Friday, April 16, 2010

Seventeen

There are days to remember, for good or for bad. Wedding day. Day you met the boy. Day you got your first real job. Day you graduated from college.

Days to forget, though you never will. 9/11. When loved ones pass away. When fifteen year old girls pass away. Horrible days.

It was seventeen years ago Monday--the same day of the week--when Star closed. I was seventeen, so it was almost a half-lifetime ago. Wow. I was a Junior in high school, and I remember that morning and sitting in the library and being a bit shell-shocked. At the time, it was one of the worst moments in my life. It still is.

Senior year is supposed to be this almost idyllic time, a happy year as you transition from being a child to an adult (sort of an adult, maybe). But I never enjoyed senior year, and that marked the start of one of my saddest years.

All of these years later, it affects me.
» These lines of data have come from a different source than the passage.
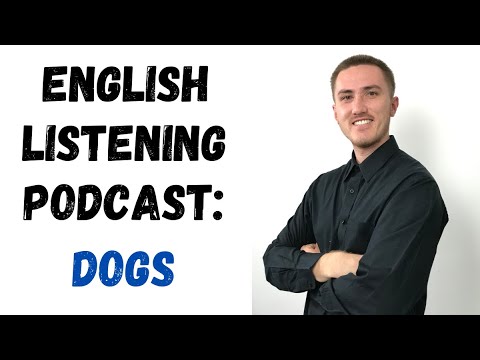 English Listening Practice Podcast - Dogs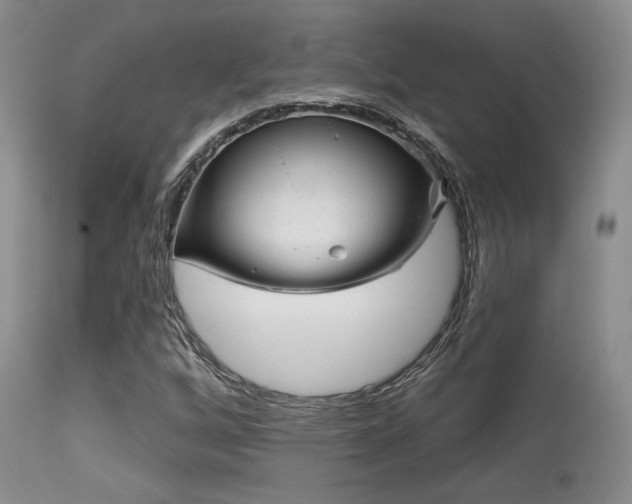 X0000113611256200909251134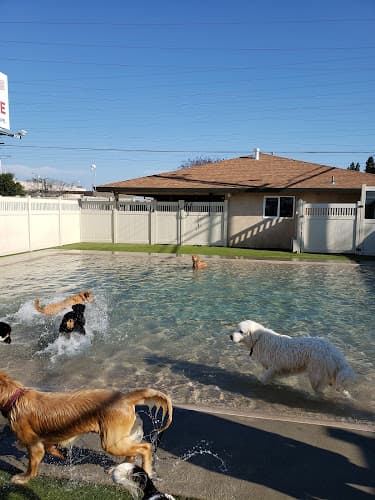 Dog trainer Animal Den Sacramento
Maybe in a different way than it did then. I still don't fully trust the leadership of the Catholic church, and I never will trust the Detroit archdiocese. I never thought they cared. I know people can be racist and mean. I know they can be selfish. I know that sometimes hopes and expectations can be lowered dramatically, when you least expect. I know that you can go your separate ways and not look back even though you don't fully move forward.

My heart always breaks a little when I hear about a school being closed, to this day, especially if it is a Catholic school. I understand economic realities and those kinds of practicalities. But I don't think there's a way to soften the blow, and even thought it is NOT FAIR, it still has to happen. But I know how much it hurts that day and the next day and six months later.
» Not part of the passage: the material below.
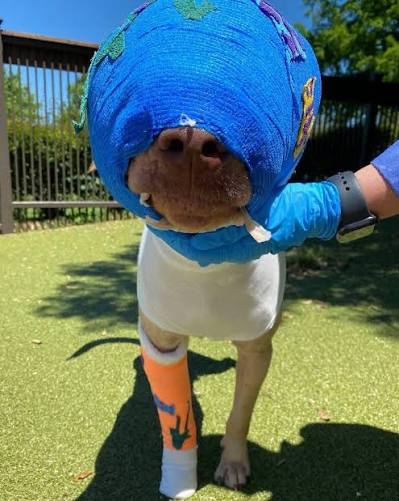 Poor Buddy was cruelly set on fire and strangled with an extension cord, by  a 12-year-old kid... Now, after a long road of recovery, he's finally  getting the happy ending he deserves...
I don't even say this as someone who left behind a lot of friends, who was part of the "in crowd." I endured Senior Year, I didn't care so much about forming friendships then, and I survived and later thrived in college and afterward.
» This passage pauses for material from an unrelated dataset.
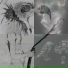 Pepelo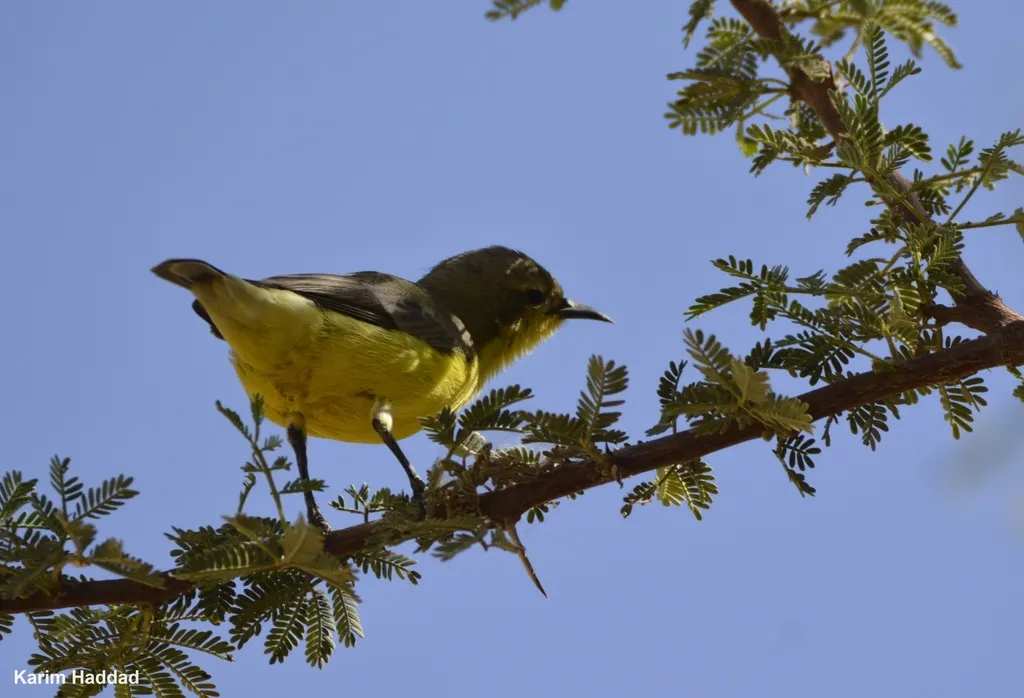 小直嘴太阳鸟(Hedydipna platura)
But I say it as someone who wanted that year to be a time of achievement, academic or otherwise. And I postponed that, well, not really. I settled for something else, a symbolic achievement.

And it is okay. I made my peace with that for the most part.

But every April 19, I take a moment and remember. And even if it is a half of a lifetime later, I remember being seventeen and hearing the news and having my heart break just a bit and NOT BEING FINE WITH IT. I remember still.